When you restate the entries that follow, keep every word exactly and drop the pictures.

Scraped caption text data
——————

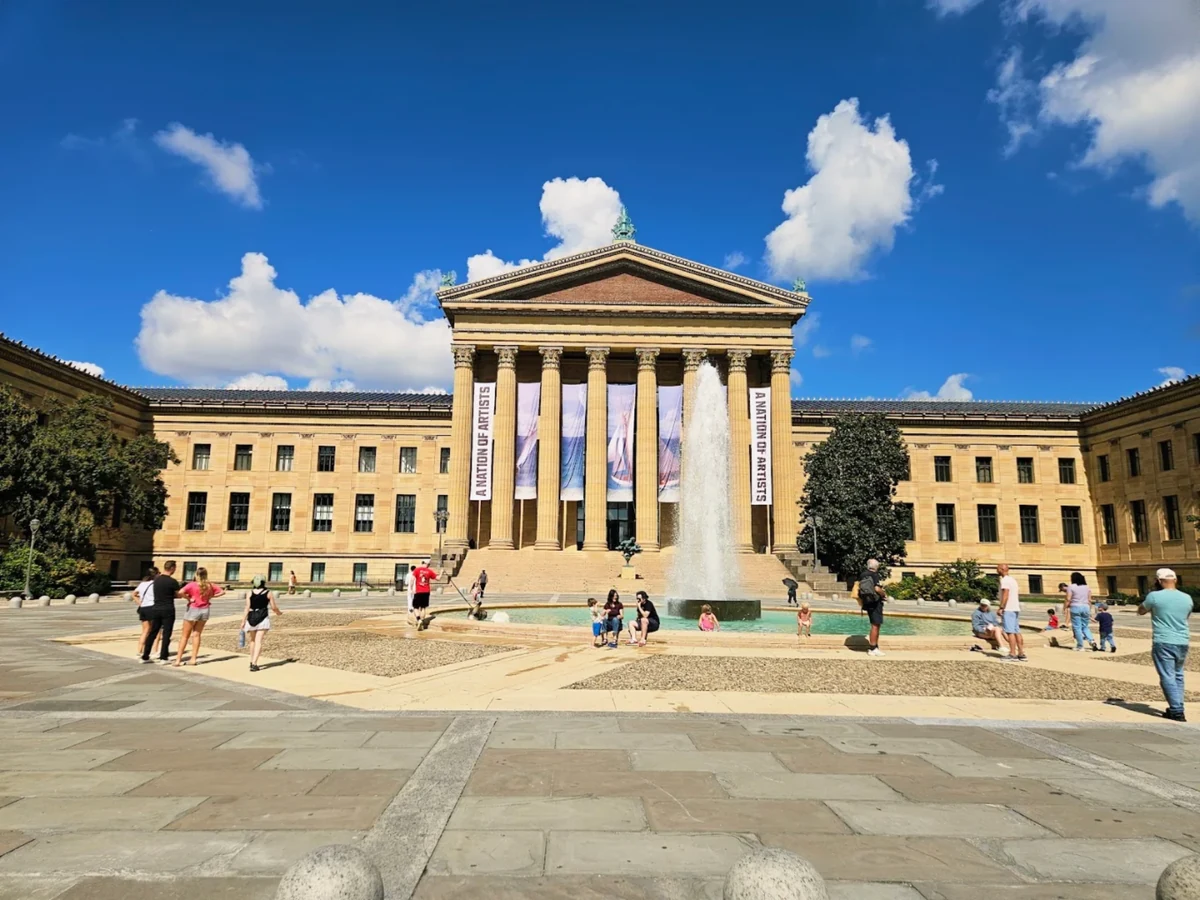 The Philadelphia Museum of Art seen across its fountain on a clear day, with banners hanging between the columns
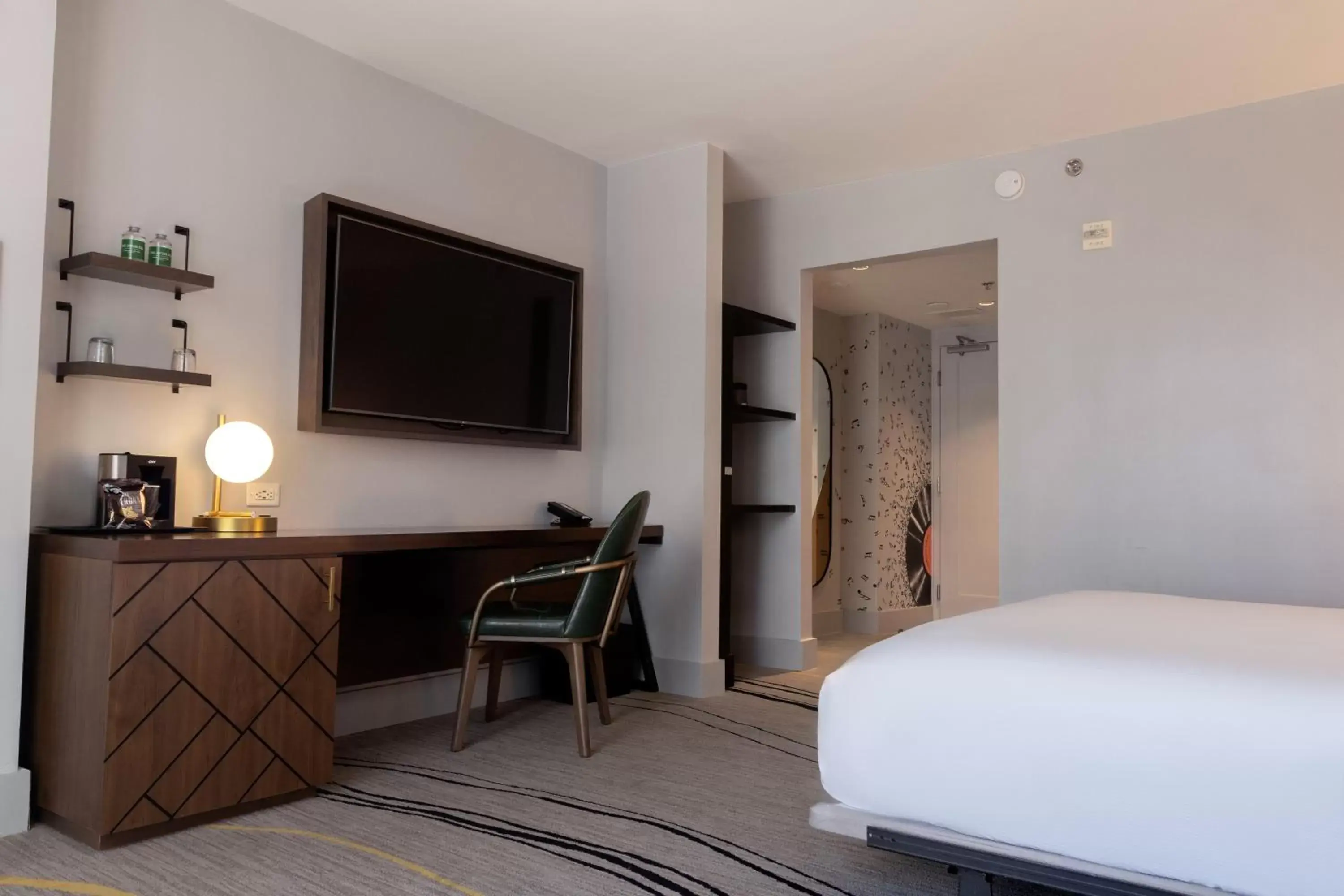 Bed, TV/Entertainment Center in The Starling Atlanta Midtown, Curio Collection by Hilton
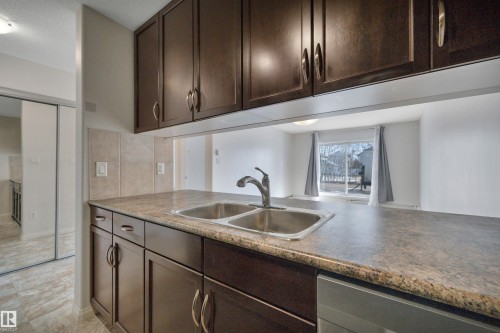 The kitchen features dark wood cabinetry, a double basin stainless steel sink with a chrome faucet, and a stone-patterned countertop - 108 1204 156 Street, Edmonton, AB - Indoor Photo Showing Kitchen With Double Sink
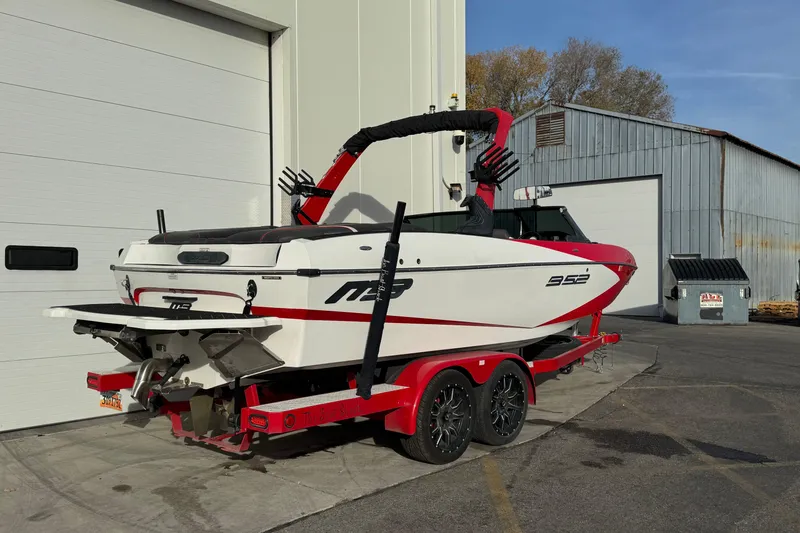 Slide: The Image of 2020 MB B52 23 Classic boat on trailer near industrial building. - 1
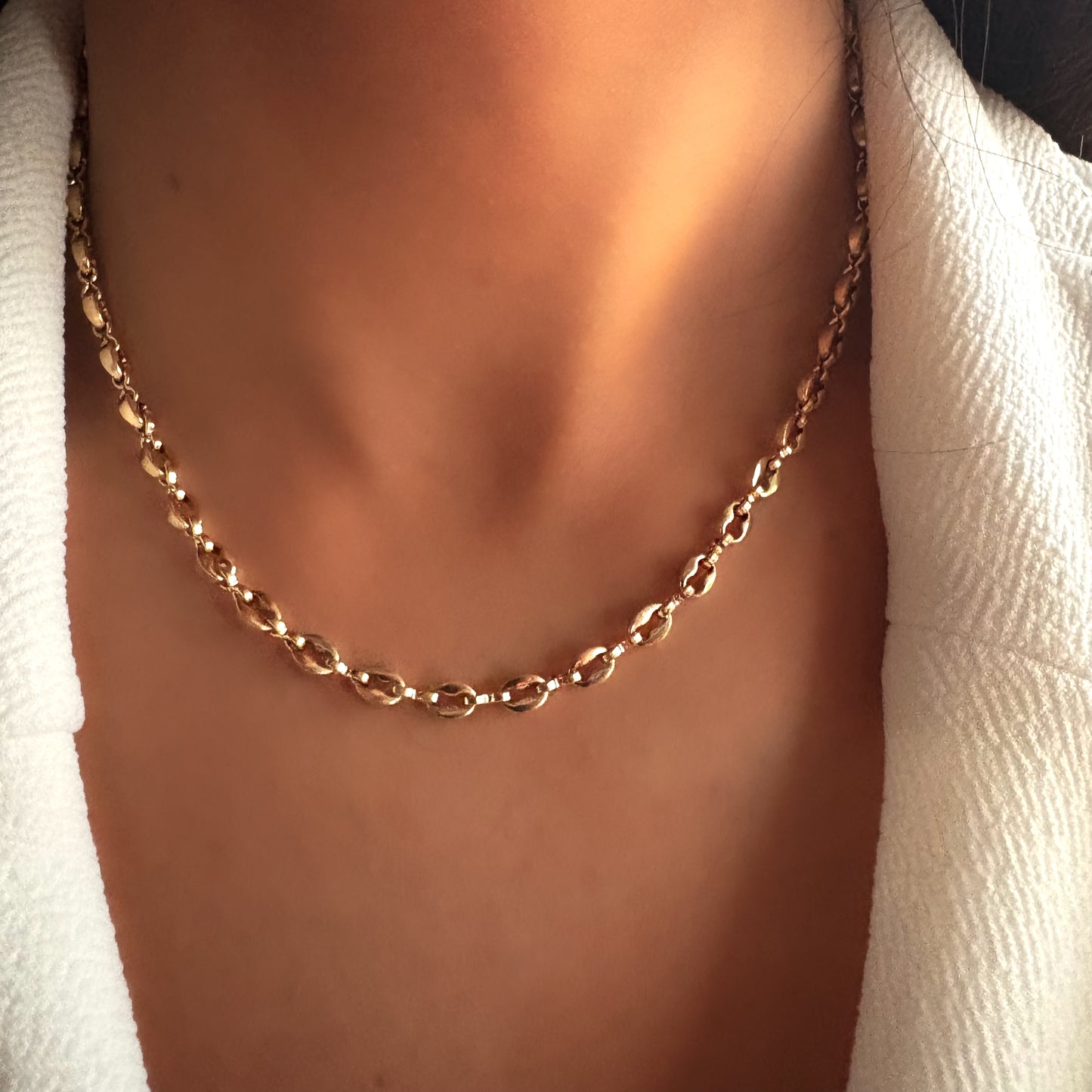 Collier chaîne à maillons ovales porté au cou, bijou élégant en acier inoxydable au design intemporel, mettant en valeur le décolleté avec sobriété.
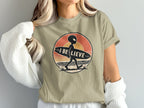Alien carrying a surfboard with text "I BELIEVE" on a vintage sunset background.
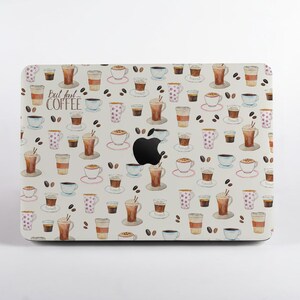 May include: A laptop skin featuring a repeating watercolor pattern of various coffee cups, mugs, and scattered coffee beans on a white background. The text "But first... COFFEE" is printed in a script font on the left side of the laptop cover.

——————

> [Your response]:
 The Philadelphia Museum of Art seen across its fountain on a clear day, with banners hanging between the columns
 Bed, TV/Entertainment Center in The Starling Atlanta Midtown, Curio Collection by Hilton
 The kitchen features dark wood cabinetry, a double basin stainless steel sink with a chrome faucet, and a stone-patterned countertop - 108 1204 156 Street, Edmonton, AB - Indoor Photo Showing Kitchen With Double Sink
 Slide: The Image of 2020 MB B52 23 Classic boat on trailer near industrial building. - 1
 Collier chaîne à maillons ovales porté au cou, bijou élégant en acier inoxydable au design intemporel, mettant en valeur le décolleté avec sobriété.
Alien carrying a surfboard with text "I BELIEVE" on a vintage sunset background.
 May include: A laptop skin featuring a repeating watercolor pattern of various coffee cups, mugs, and scattered coffee beans on a white background. The text "But first... COFFEE" is printed in a script font on the left side of the laptop cover.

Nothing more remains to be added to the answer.